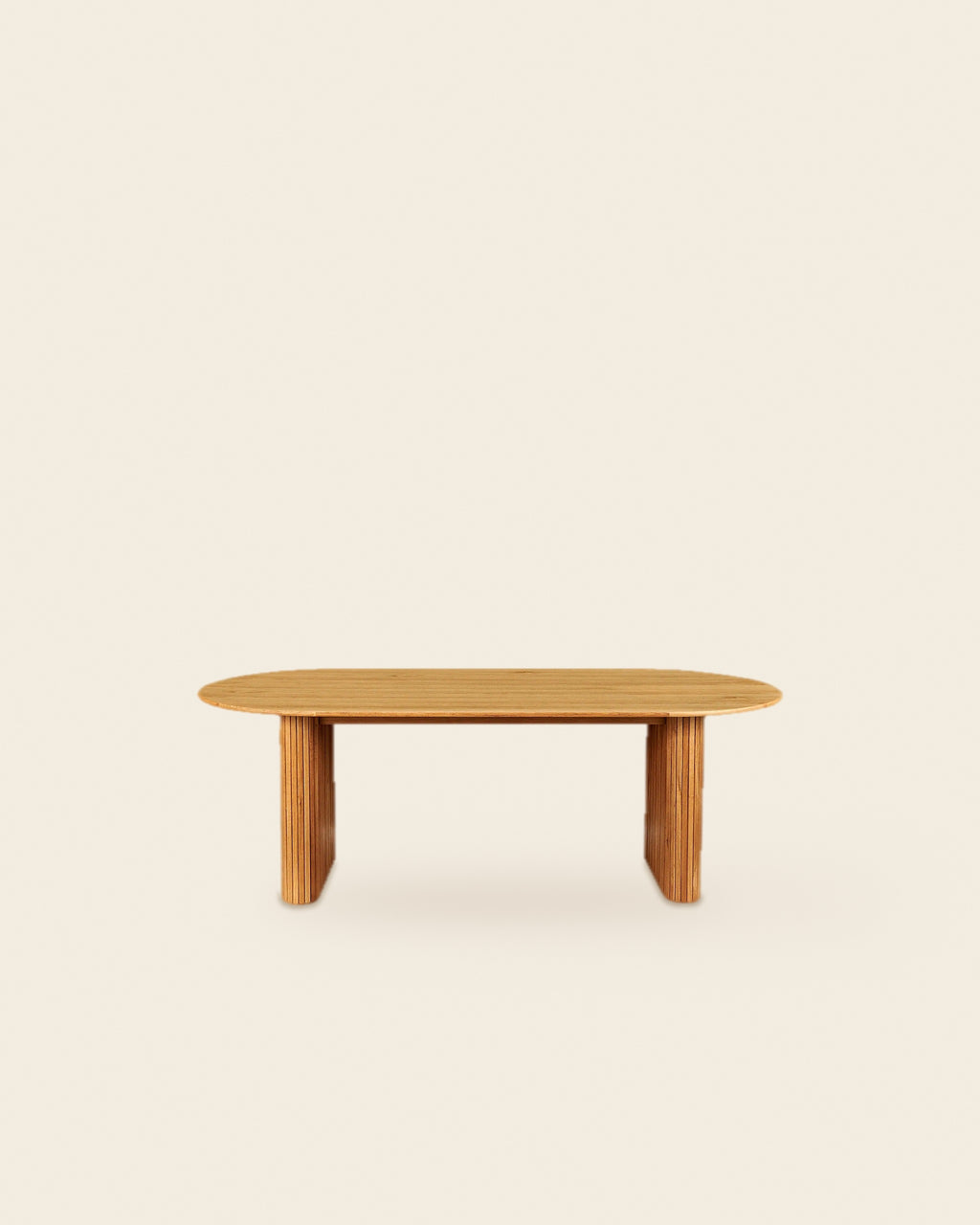 Ovale eettafel met lamellenpoten 220 cm – vooraanzicht – Licht eiken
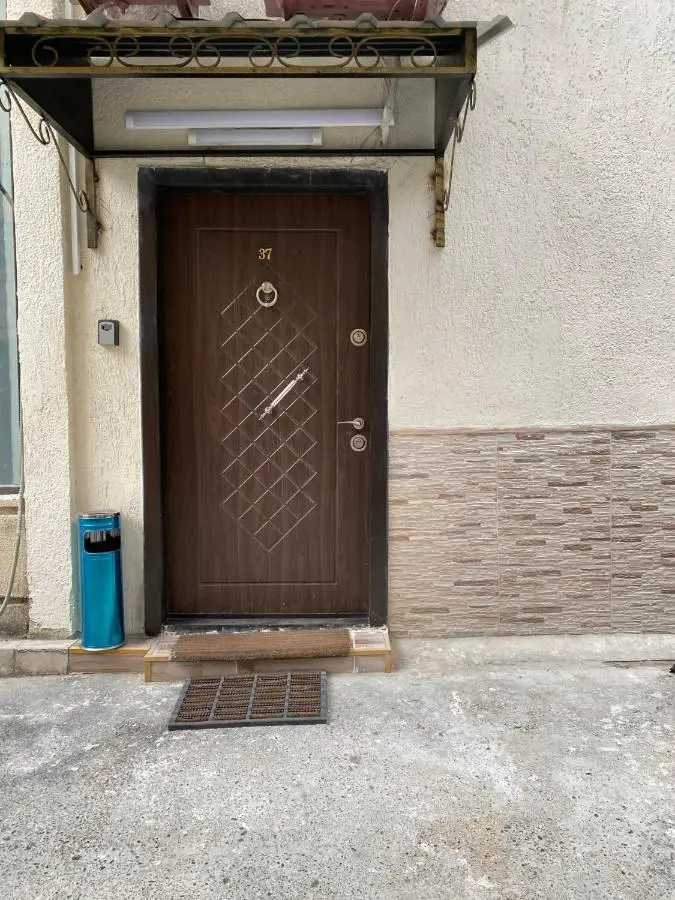 Duplex on Lliberty Square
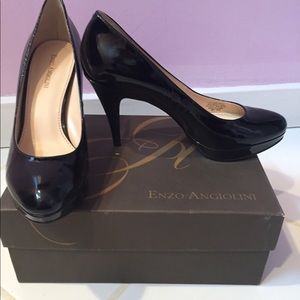 Enzo Angeolini Platform pump, patent leather.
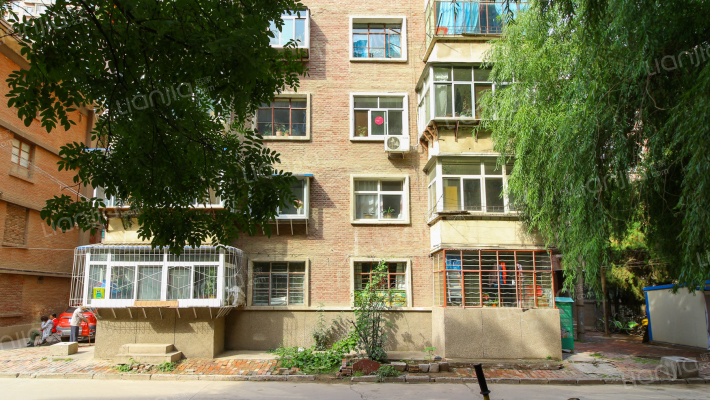 草场街西大院外景图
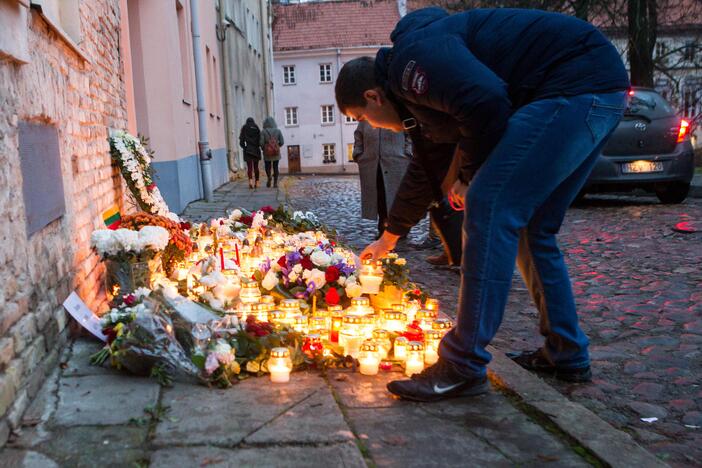 Žvakutės prie Prancūzijos ambasados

## ACTION ITEM
Write out the material above exactly. Skip the pictures.

## RESULT OF THE EXERCISE
 Ovale eettafel met lamellenpoten 220 cm – vooraanzicht – Licht eiken
 Duplex on Lliberty Square
 Enzo Angeolini Platform pump, patent leather.
 草场街西大院外景图
 Žvakutės prie Prancūzijos ambasados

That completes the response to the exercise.